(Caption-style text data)
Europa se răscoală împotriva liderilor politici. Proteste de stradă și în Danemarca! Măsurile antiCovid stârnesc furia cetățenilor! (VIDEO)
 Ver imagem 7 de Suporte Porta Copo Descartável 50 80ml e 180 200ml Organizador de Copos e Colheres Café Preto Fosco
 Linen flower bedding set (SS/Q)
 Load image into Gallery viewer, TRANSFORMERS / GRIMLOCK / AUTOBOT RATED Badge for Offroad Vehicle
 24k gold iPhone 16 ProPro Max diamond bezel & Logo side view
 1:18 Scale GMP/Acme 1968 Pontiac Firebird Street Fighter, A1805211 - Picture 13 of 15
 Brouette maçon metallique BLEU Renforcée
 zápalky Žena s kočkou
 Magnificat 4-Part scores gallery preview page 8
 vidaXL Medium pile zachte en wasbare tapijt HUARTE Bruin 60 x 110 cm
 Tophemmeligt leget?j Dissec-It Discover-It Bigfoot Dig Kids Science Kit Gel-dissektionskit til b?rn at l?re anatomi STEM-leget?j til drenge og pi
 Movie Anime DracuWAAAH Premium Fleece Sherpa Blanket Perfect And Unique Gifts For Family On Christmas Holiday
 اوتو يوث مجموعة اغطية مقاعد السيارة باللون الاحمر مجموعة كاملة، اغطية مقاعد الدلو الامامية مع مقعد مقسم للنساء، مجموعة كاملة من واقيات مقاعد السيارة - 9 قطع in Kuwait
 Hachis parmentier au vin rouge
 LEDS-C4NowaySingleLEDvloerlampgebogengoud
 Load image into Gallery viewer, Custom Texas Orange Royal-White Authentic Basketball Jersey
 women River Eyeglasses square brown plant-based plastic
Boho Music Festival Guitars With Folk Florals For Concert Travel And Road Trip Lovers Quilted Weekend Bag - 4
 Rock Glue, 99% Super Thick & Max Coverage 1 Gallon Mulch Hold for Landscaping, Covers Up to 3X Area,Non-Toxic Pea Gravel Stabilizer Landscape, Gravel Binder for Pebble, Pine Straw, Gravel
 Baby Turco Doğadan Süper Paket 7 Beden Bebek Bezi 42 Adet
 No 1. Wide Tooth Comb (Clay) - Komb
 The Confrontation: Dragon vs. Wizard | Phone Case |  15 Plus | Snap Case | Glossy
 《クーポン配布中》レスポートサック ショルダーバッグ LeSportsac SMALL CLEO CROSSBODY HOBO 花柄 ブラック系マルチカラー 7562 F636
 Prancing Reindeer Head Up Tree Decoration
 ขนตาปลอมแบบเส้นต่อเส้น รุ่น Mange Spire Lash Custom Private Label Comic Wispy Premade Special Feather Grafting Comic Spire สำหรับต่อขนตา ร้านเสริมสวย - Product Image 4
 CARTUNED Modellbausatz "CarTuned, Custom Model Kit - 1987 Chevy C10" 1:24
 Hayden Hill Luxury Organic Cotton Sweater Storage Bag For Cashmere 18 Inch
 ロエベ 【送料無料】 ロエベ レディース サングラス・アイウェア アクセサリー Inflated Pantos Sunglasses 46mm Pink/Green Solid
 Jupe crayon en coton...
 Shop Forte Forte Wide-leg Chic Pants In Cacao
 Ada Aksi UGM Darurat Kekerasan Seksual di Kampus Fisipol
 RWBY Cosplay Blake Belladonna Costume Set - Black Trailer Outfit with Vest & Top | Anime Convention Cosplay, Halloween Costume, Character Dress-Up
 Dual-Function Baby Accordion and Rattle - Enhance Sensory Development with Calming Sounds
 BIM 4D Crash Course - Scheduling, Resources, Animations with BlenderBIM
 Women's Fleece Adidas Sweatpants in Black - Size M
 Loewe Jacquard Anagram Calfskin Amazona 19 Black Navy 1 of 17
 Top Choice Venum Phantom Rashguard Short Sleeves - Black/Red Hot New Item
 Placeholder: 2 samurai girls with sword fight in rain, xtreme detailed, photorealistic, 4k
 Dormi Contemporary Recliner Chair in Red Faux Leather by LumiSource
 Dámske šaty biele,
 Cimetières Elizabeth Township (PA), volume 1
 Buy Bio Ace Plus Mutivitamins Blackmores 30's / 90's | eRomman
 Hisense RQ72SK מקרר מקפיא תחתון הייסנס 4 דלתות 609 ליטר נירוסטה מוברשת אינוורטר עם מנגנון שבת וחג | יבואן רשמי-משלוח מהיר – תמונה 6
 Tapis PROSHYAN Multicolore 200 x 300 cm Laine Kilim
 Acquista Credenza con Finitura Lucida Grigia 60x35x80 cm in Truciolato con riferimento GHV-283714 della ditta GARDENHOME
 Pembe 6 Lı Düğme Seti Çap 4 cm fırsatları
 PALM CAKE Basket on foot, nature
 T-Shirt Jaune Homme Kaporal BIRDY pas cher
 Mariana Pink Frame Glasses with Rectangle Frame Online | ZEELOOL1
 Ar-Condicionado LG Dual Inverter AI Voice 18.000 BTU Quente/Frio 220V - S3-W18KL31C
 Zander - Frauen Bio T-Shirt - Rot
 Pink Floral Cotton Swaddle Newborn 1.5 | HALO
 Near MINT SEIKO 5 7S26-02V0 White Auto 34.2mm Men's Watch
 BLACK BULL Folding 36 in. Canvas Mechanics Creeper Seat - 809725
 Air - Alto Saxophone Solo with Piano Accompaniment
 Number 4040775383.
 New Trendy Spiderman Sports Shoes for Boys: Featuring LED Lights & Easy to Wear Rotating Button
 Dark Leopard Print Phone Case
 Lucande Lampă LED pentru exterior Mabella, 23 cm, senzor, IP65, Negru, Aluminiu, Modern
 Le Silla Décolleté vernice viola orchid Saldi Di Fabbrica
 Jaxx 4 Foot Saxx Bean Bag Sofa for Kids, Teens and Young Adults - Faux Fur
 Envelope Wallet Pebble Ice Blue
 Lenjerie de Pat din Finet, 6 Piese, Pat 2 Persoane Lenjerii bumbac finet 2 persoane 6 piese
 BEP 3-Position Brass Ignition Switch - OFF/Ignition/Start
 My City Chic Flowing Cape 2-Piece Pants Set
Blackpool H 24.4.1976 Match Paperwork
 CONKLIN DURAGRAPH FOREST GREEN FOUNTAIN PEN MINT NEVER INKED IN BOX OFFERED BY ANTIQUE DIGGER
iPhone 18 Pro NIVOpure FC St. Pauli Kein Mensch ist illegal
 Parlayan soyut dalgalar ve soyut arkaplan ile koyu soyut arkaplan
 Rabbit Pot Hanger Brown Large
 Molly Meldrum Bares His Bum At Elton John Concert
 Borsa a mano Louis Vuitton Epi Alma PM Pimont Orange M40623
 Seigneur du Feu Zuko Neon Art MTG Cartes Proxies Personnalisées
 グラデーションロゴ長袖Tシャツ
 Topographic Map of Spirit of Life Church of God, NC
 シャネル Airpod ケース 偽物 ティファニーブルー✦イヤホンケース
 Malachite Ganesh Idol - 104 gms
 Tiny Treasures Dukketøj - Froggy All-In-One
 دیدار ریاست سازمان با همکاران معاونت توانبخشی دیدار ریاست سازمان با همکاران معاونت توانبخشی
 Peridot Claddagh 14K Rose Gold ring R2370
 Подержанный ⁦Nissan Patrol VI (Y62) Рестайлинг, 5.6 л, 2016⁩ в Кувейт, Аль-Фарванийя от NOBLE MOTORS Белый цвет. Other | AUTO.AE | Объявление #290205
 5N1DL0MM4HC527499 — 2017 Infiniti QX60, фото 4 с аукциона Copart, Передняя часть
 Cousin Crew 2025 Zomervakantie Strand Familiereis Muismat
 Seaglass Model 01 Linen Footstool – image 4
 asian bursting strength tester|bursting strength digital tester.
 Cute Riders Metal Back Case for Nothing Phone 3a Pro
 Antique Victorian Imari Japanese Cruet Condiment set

• YOUR OBJECTIVE
Reply with the lines from the first line of the entries through the line that contains "Tophemmeligt leget?j Dissec-It", repeated exactly with both ends kept, and with nothing else.

• ANSWER TO THE EXERCISE
Europa se răscoală împotriva liderilor politici. Proteste de stradă și în Danemarca! Măsurile antiCovid stârnesc furia cetățenilor! (VIDEO)
 Ver imagem 7 de Suporte Porta Copo Descartável 50 80ml e 180 200ml Organizador de Copos e Colheres Café Preto Fosco
 Linen flower bedding set (SS/Q)
 Load image into Gallery viewer, TRANSFORMERS / GRIMLOCK / AUTOBOT RATED Badge for Offroad Vehicle
 24k gold iPhone 16 ProPro Max diamond bezel & Logo side view
 1:18 Scale GMP/Acme 1968 Pontiac Firebird Street Fighter, A1805211 - Picture 13 of 15
 Brouette maçon metallique BLEU Renforcée
 zápalky Žena s kočkou
 Magnificat 4-Part scores gallery preview page 8
 vidaXL Medium pile zachte en wasbare tapijt HUARTE Bruin 60 x 110 cm
 Tophemmeligt leget?j Dissec-It Discover-It Bigfoot Dig Kids Science Kit Gel-dissektionskit til b?rn at l?re anatomi STEM-leget?j til drenge og pi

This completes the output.